Pentest Copilot Auto Identifies and Exploits XSS

In this demo, Pentest Copilot’s AI drives a browser, auto-discovers routes, captures real requests, generates targeted XSS test cases, executes them, and writes a verified finding back to the Exploit Graph. There’s no external “agent” required—everything happens inside Copilot.

by Kathan Desai

August 15, 2025

1) What Copilot actually does

Capture → Browse → Generate → Execute → Triage.
Copilot’s AI opens the target app (OWASP Juice Shop in the demo), browses it like a user, and captures every request/response.
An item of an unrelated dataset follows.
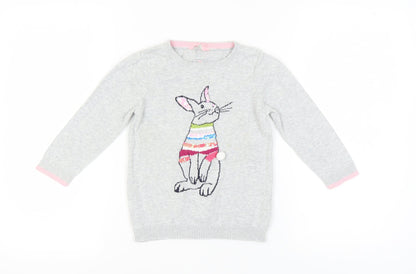 Joules Girls Grey Animal Print Cotton Pullover Jumper 6-7 Yrs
From those interactions it creates test cases, small scripts, and payloads tailored to the context it observed (for example, query parameters rendered into HTML). It then runs those tests in a controlled browser session. When JavaScript executes (alert()), or the page visibly changes at the injection point, Copilot records the evidence and attaches a Vulnerability node to the exact Action that is exploitable.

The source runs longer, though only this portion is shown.